Siento que muchos colegas, a los cuáles respeto y conozco, que están cayendo en lo mismo, salvando las distancia entre una dictadura y un gobierno democrático.

Arrancan los programas con «El estamos ganando» por los datos (alentadores comparativamente por cierto) sobre la pandemia en la Argentina y la provincia. Pero cuándo los datos son esquivos, ya el logro no es del gobierno sino la culpa es de la gente y su inconducta social.

Todo gobierno en ejercicio, comete errores, pero ellos «en nombre de no darle de comer a la oposición» nada dicen de los mismos.
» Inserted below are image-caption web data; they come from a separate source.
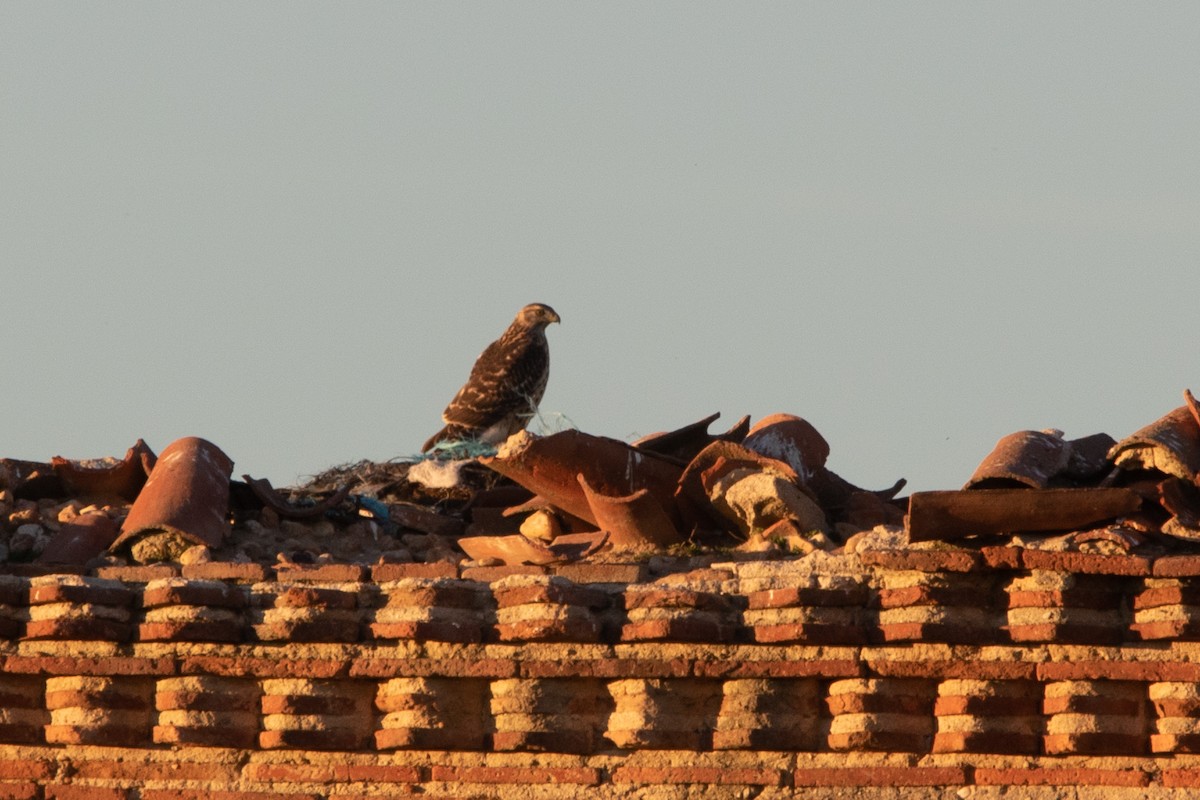 Eurasian Goshawk - ML646002569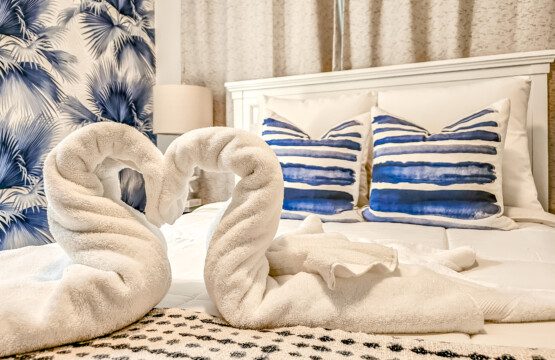 1d4edfbd 10fc 4a08 894c 20d58988fd92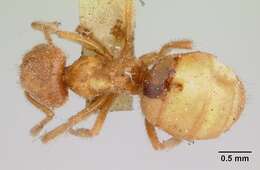 Image of Lasius speculiventris Emery 1893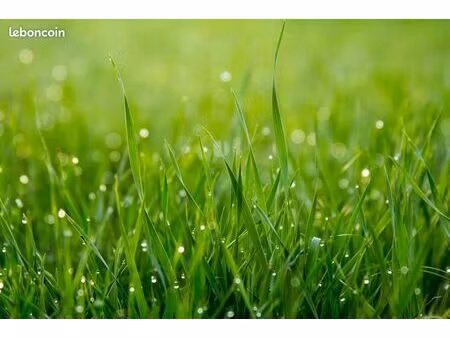 terrain 450 m² franqueville saint pierre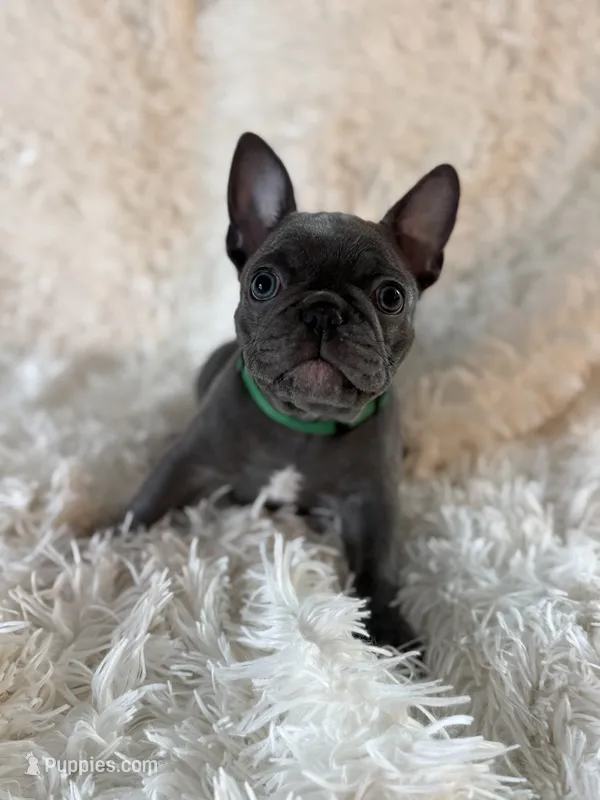 Spanky – French Bulldog puppy for sale in Castalian Springs, TN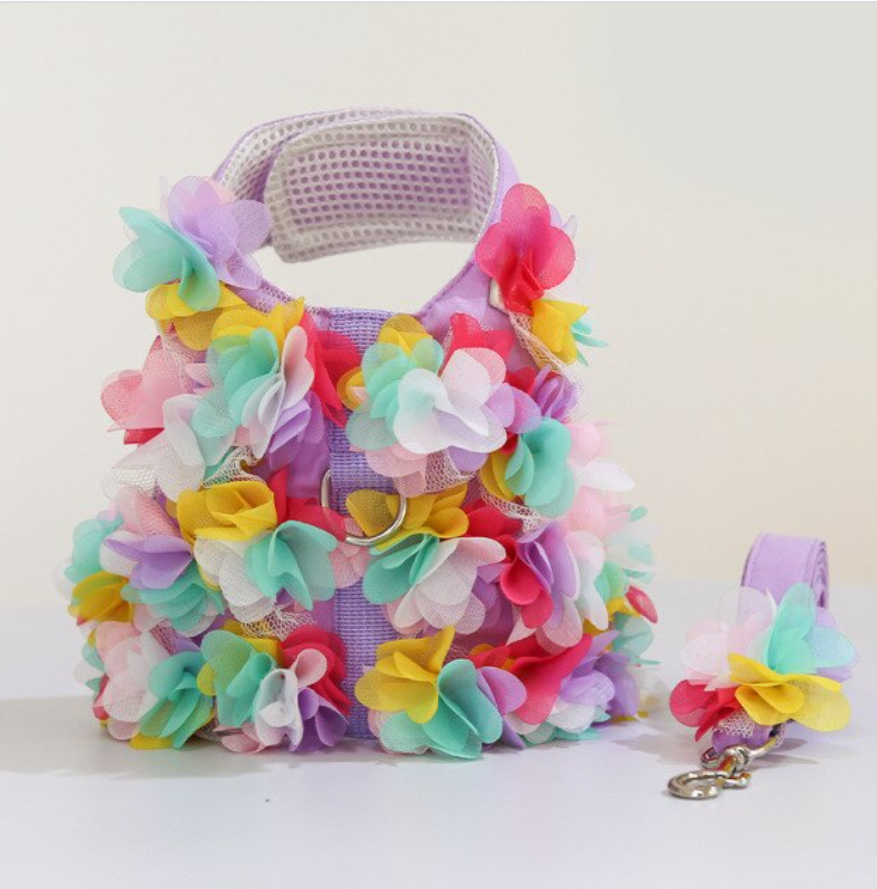 Fashionable Pet Harness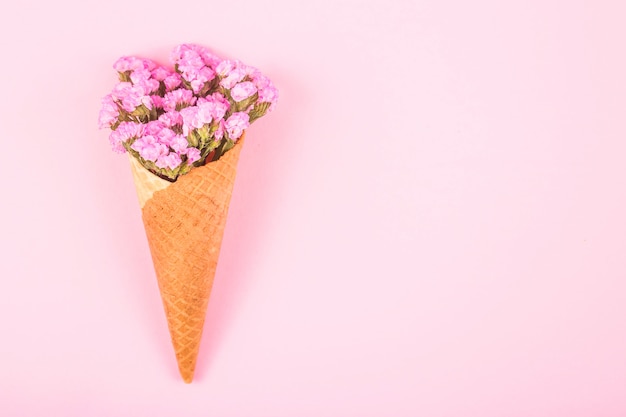 Beautiful pink flowers in a waffle cone for ice cream on a bright pink background.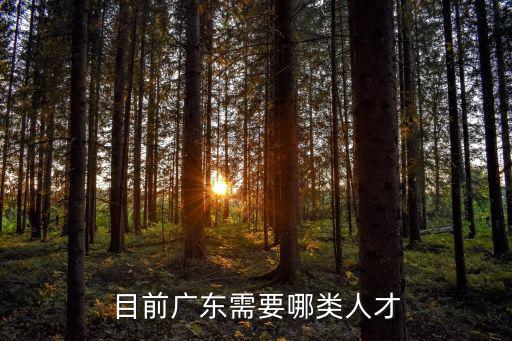 目前廣東需要哪類人才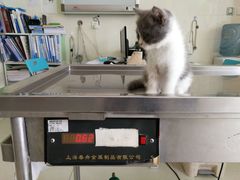 -瑞鹏宠物医院·微创内窥镜·骨外科·牙科(翠竹分院)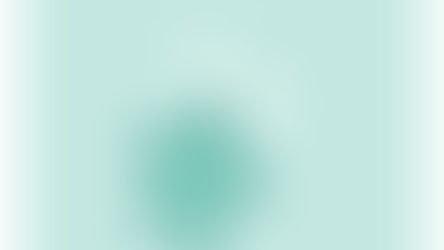 Proteggiamo le tartarughe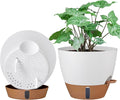 montresor 2 Pack 10 inch Plant Pots, PP Plastic Self Watering Plant Pot by Montresor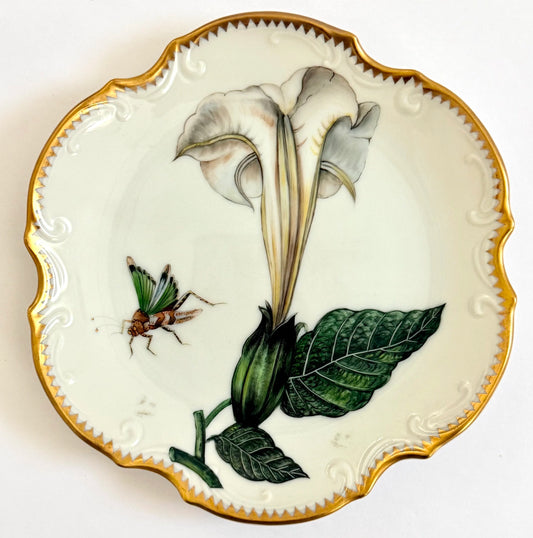 00 - Appetizer/Bread and Butter Plate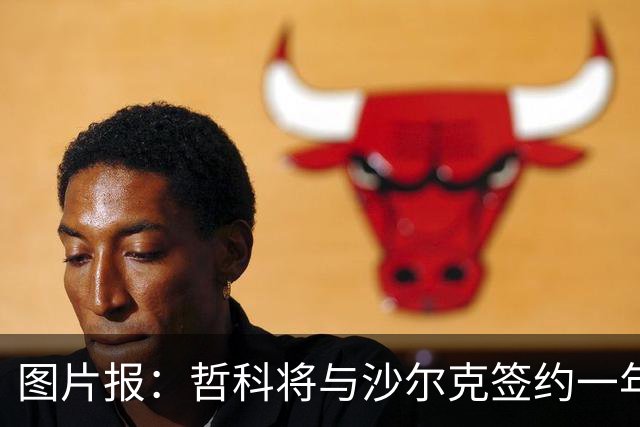 图片报：哲科将与沙尔克签约一年，年薪130万欧元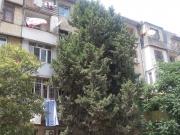 Satılır 2 otaqlı 75 m2 köhnə tikili Montin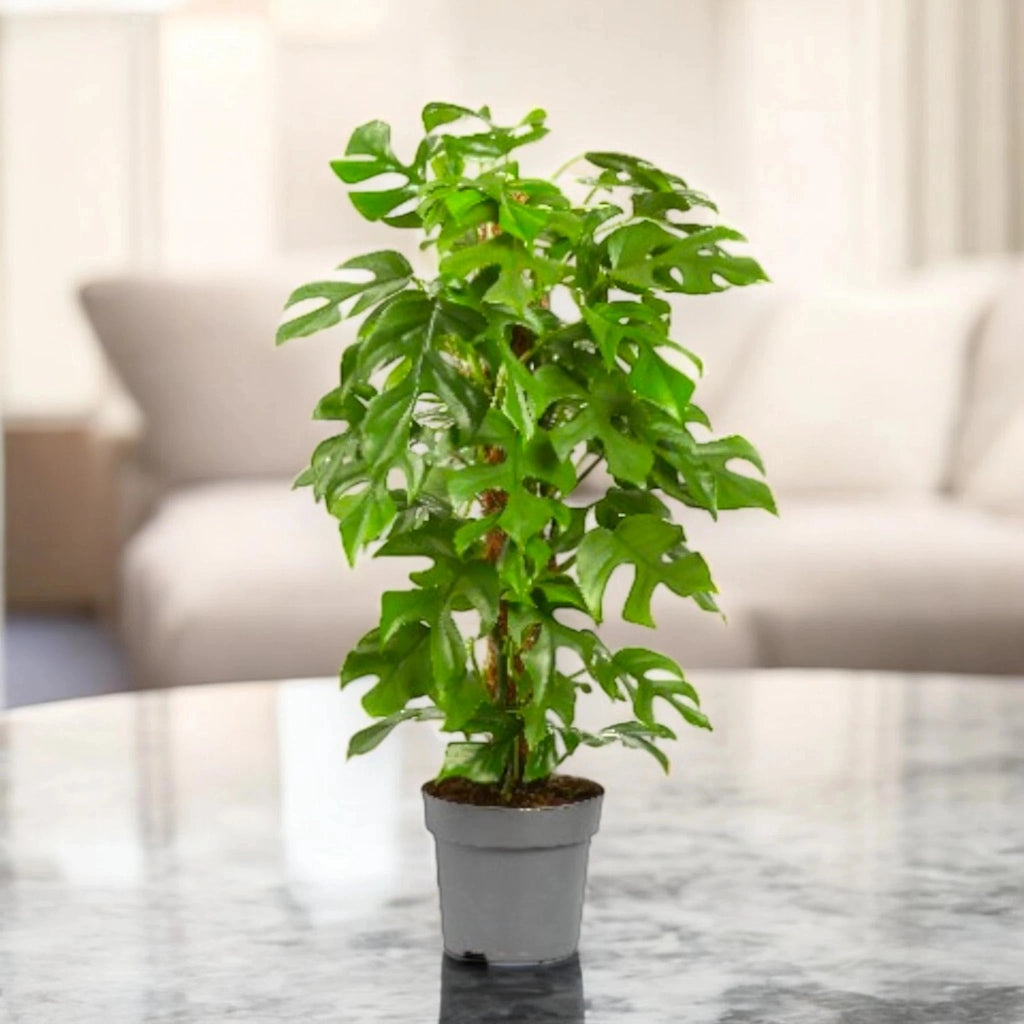 Gardenaria Philodendron 'Minima' - Pianta da interno ornamentale Altezza: 45 cm (vaso 19)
Aburren.

Una política comunicacional que NI SIQUIERA EL gobierno provincial pide, cómo sí lo hacía el socialismo a traves de su billetera abultada de publicidad oficial.

No suman, restan. Y pierden el concepto más maravilloso del regreso de gobierno más amplios, qué es la libertad y el concepto «critico» del periodismo.

Todos los días las mima cantinela, todos los días los mismos discursos, todos los días las mismas omisiones, llegando algunos inclusive a la censura a dirigentes de la oposición.

Nada dicen de la inseguridad, la pobreza, de lo putrefacto del poder judicial o del conflicto con los gremios por el bono, pese a qué hay argumentos muy válidos que tiene el gobierno. Silencian. Es cómo pretender tapar el sol con las manos, entonces la gente no les cree, aún aquellas verdades parciales que esbozan.

El periodismo será critico o no será, dijo alguien, otro «el periodismo es denuncia y critica sino son simples pasadores de comunicados oficiales».

Y por si hiciera falta aclaro que adhiero al gobierno nacional y las políticas del gobierno provincial, pero es hora de entender que el mejor favor que desde el periodismo militante podemos hacerle a un gobierno es criticarlo, con honestidad y certezas.

En definitiva, dame periodismo, no panfletos.